** Opening MATERIAL SUPPLIED block **
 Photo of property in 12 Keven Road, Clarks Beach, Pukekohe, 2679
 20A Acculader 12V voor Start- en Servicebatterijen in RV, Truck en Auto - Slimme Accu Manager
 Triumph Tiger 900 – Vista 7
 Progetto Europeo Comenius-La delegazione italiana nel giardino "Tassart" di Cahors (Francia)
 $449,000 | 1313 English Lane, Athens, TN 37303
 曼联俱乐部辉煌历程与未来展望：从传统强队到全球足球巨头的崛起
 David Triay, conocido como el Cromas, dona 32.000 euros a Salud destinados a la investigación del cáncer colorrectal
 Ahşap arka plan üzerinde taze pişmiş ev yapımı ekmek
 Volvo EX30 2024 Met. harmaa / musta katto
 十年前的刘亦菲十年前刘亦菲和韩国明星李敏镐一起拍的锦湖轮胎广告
** Closing MATERIAL SUPPLIED block **
** Opening MATERIAL SUPPLIED block **
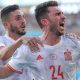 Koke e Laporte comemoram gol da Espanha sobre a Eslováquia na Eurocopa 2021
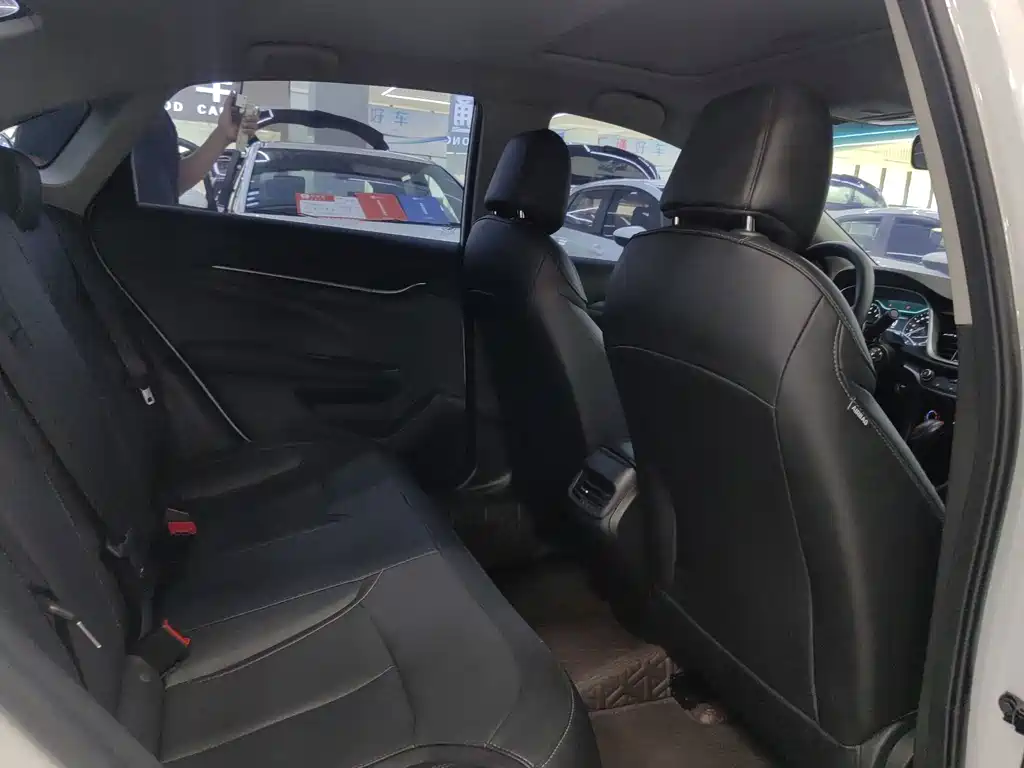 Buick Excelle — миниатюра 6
** Closing MATERIAL SUPPLIED block **
__AIM OF THE EXERCISE__. Extract the lines of the preceding material that run from the line with "Volvo EX30 2024 Met. harmaa / musta katto" through the line with "十年前的刘亦菲十年前刘亦菲和韩国明星李敏镐一起拍的锦湖轮胎广告", inclusive, reproducing them exactly and adding nothing.

__WRITTEN REPLY__.
 Volvo EX30 2024 Met. harmaa / musta katto
 十年前的刘亦菲十年前刘亦菲和韩国明星李敏镐一起拍的锦湖轮胎广告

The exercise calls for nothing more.